I was pleasantly surprised to spot a color photo of Mat Mladin
atop the San Diego Union-Tribune’s sports section.
The banner referred me to the back page, where I found a detailed
write-up and several large color pictures. It was the most extensive
coverage of an AMA national that I can recall seeing in a major-market
newspaper.
Mentally, I chalked up a win for AMA Pro Racing. After all, our
sport attracts—at best—a niche audience in the U.S.,
so we crave attention from the mainstream media. When Bubba Stewart
was profiled in Sports Illustrated, the SI story
was treated as news in motorcycle magazines.
Then I read the text, written by the Union-Tribune’s
Bill Center, in which he compared AMA Superbike racing to baseball
and NASCAR—a writer’s trick he used to draw in mainstream
readers.
"Want to see great racing that will put your hair on end?
Watch an AMA Superbike road race.... In a word, breathtaking,"
So far, so good, eh? The stuff AMA dreams are made of. But Center
continued:
"Which is about what you can expect to get from America's
best riders off the track—a word.
“And Yogi Berra would have been so proud of Mladin’s
answer when the rider was asked about the failed clutch that prevented
him from winning all five of the races run so far in 2005.
“‘Yesterday is yesterday, today is today,’ Mladin
said. ‘We’re living and breathing fresh air and it’s
that old saying, racing is racing.’
“But Berra said those things with a twinkle in his eye. Mladin
was cockily dead serious.”
Center finally admonished Mladin, "Lighten up, Mat, make your
sport interesting to the masses. Sell it."

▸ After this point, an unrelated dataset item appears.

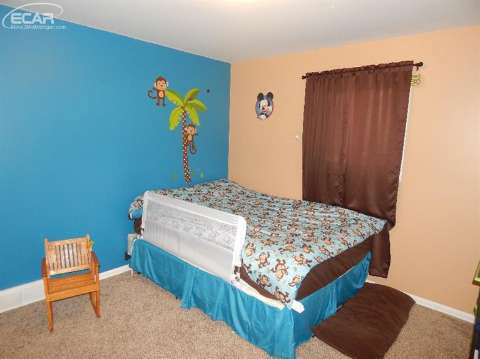 9100 Potter Road Flushing, MI 48433 - Photo 24 of 32 20451354-23.JPG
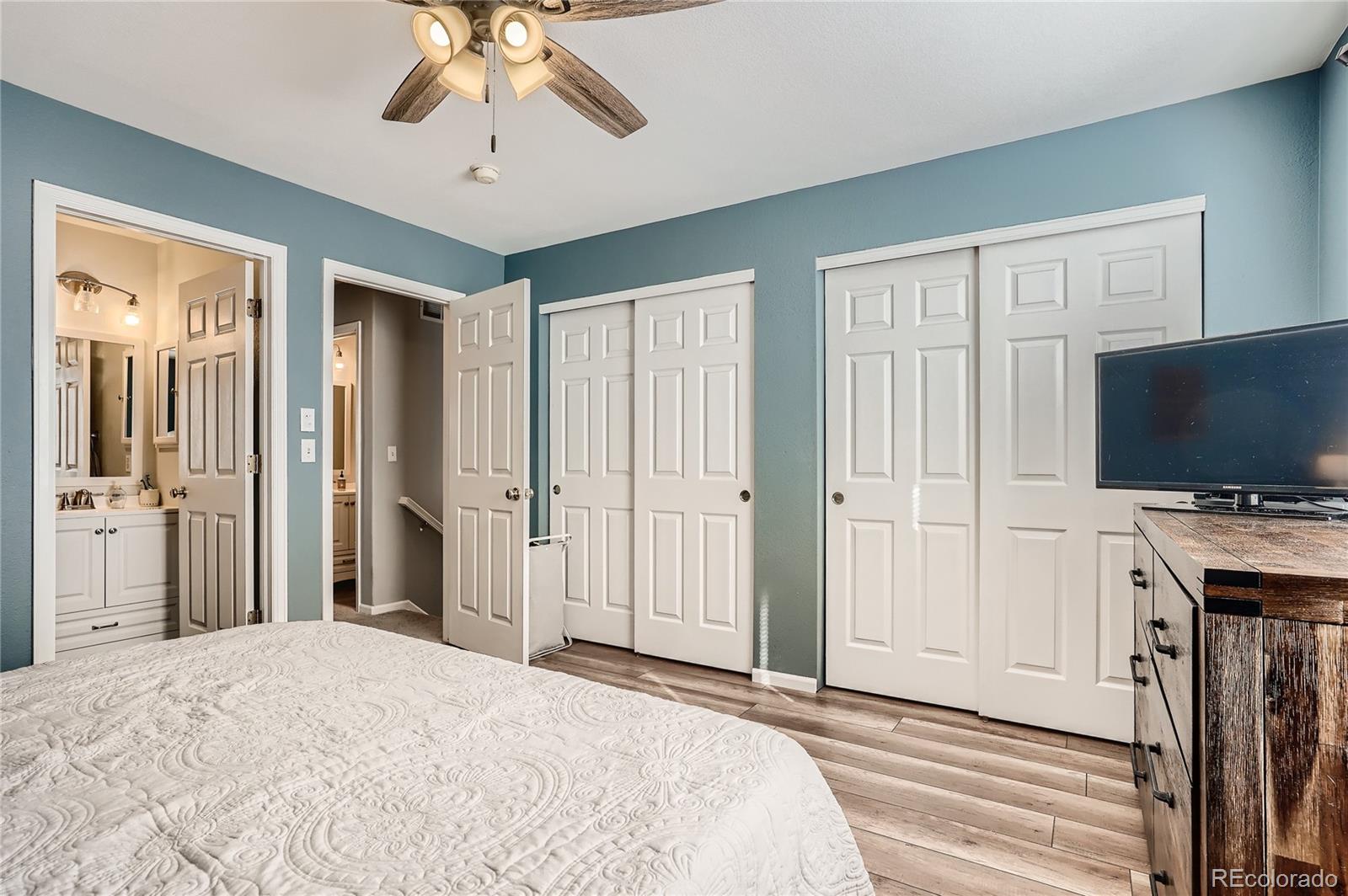 MLS Image #14 for 3927 w kenyon avenue,denver, Colorado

A close reading of Center’s argument makes it clear that
he thinks AMA Superbikes are more exciting than NASCAR (duh!) but
that stock cars are vastly more popular because their drivers project
more “personality” than our riders.
Center is right, but for the wrong reasons. These days, our guys
come across as boring because their real personalities have been
homogenized by sponsor-thanking, sound bite-friendly PR spin directly
inspired by NASCAR’s successful jump into the mainstream.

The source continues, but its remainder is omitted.